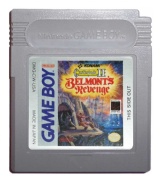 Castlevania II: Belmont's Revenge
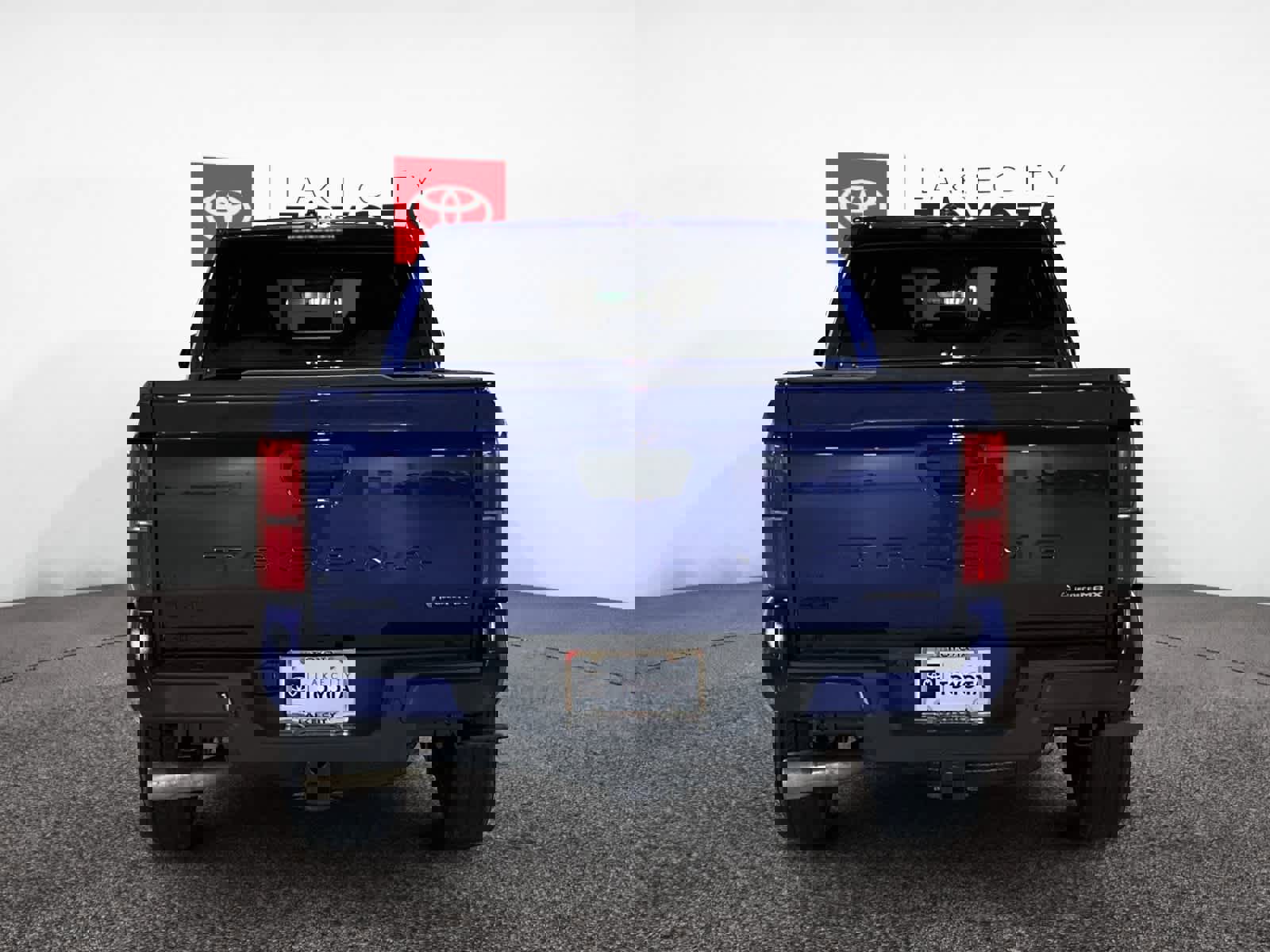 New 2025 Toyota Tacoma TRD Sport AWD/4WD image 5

==

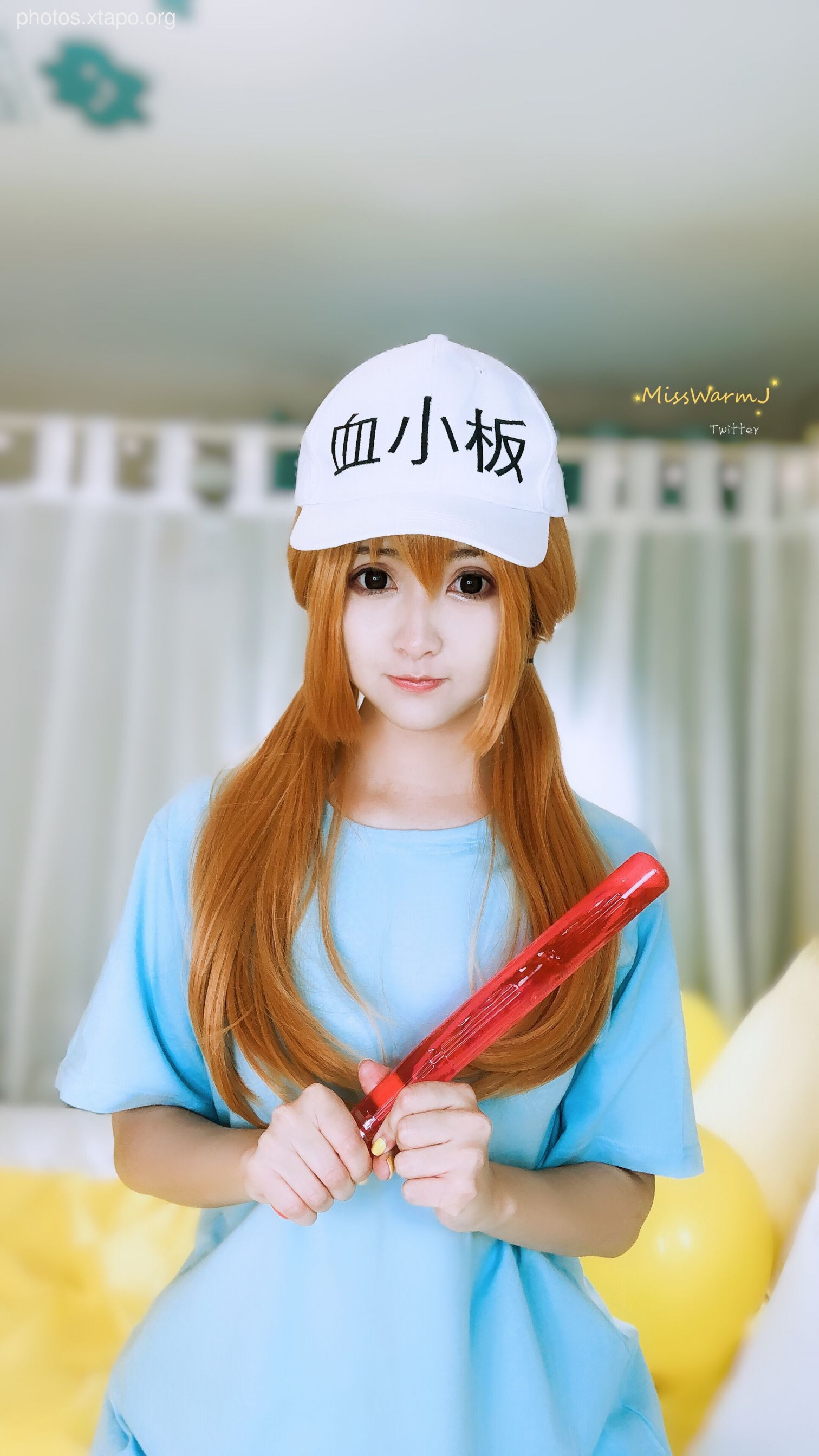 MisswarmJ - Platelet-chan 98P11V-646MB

Exercise brief: Write back the stretch of lines above that begins with the line holding "Castlevania II: Belmont's Revenge" and ends with the line holding "New 2025 Toyota", both included, exactly as written. Pictures stay out.

Your response:
 Castlevania II: Belmont's Revenge
 New 2025 Toyota Tacoma TRD Sport AWD/4WD image 5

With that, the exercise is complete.